GPS Kebab


I was considering adding this to the QM’s forum but I can’t find mention of it on my 1157 and I don’t have an NSN. I’m sure my Kebab GPS (formerly Bed Finder™ Mk1) was issued to me at some stage during basic training. Probably when I was being issued with an odd number of socks, olive, wool and a couple of oversized T-shirts, red, saggy neckline. My point is, does anyone know the history of this gizmo and its evolution into the hi-tech fusion of the kebab and mobile electronics industries that it is today?

My current issue 12 channel receiver with Bluetooth and chilli-sauce multi-waypoint precision route selector is a far cry from the Bed Finder™ Mk1 which safely saw me from Reading to Arborfield on my first proper night out as a trained soldier. What should have been a 2 hour beer fuelled tab back to camp turned out to be a 5 hour slog with frequent lag stops and an uncomfortable dump in some prickly bushes at the 2 and a half hour point. All for the sake of a £10 taxi fare.

Improved performance has been achieved with a little experience and in combination with the Moose Alarm (that bit of the brain that wakes you in time to do a runner from some munter’s gaff before she realises that she’s been had by the old “But I’m not like all the others” line). But is this improvement down to user competence or has the technology changed with time?

My dad (ex-scalie) had what I can only describe as a magic door key. He took this from unit to unit so I can only assume it was issued on his 1157, or someone lost the original 1033 he signed it out on. This magic key helped him find his way home from the many and varied drinking holes of West Germany (and most of NW Europe, probably).
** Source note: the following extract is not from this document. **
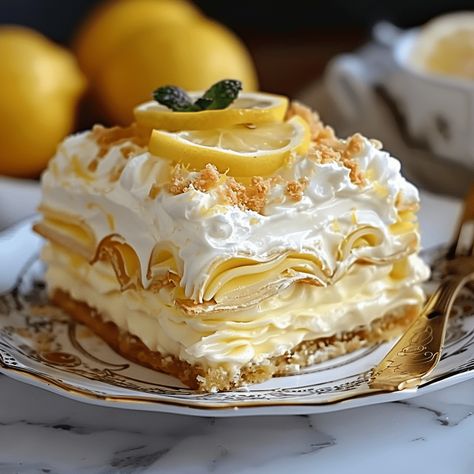 This No-Bake Lemon Eclair Cake is a refreshing and easy-to-make dessert that combines the tangy flavor of lemon with the light, airy texture of Cool Whip and the satisfying crunch ... Learn more Lemon Desserts For A Crowd, Lemon Eclair Cake No Bake, Lemon Cool Whip Frosting, Lemon Sheet Cake With Glaze, No-bake Lemon Eclair Cake Recipe, Lemon Delight Dessert, Lemon Angel Food Cake Recipes, Lemon Cake Desserts, Eau Claire Dessert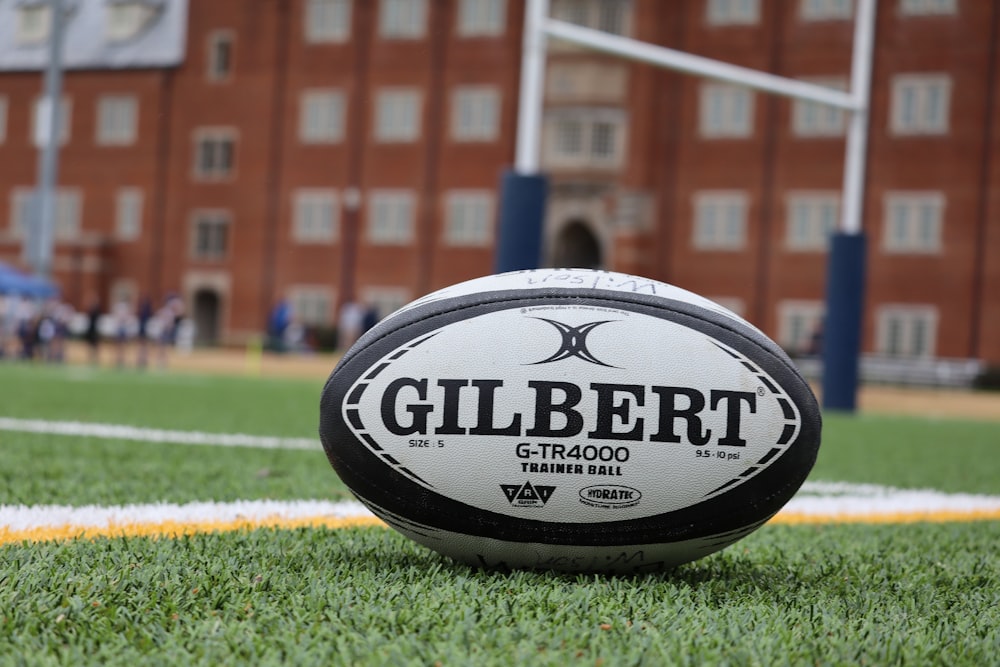 a close up of a rugby ball on a field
It wasn’t as accurate as our modern GPS. I know this because the key could never find the exact location of the keyhole with the precision required to open the front door. In fact, all attempts failed and my father would inevitably resort to the secret pass-phrase “Ler’us’in love. The key’s knackered again.” This was followed by incoherent mumbling and threats of violence until my mum opened the door, somehow managing to do so without unfolding her crossed arms.

I'm curious, is this phenomenon unique among British soldiers or is it common throughout all three services (or indeed other armies/forces/civvies of the world)?

Does anyone know the history of development any further back than late twentieth century or is this just a skill that one absorbs sub-consciously from the old and bold? I'm sure Riddley Scott hinted towards it in the film 'Gladiator' when Russell Crowe made it from RFG (Roman Forces Germania) to one of the Spanish Costas in a right state.

Finally, does anyone really give two shits? Would I get a better response waffling about arran sweaters and moisturiser?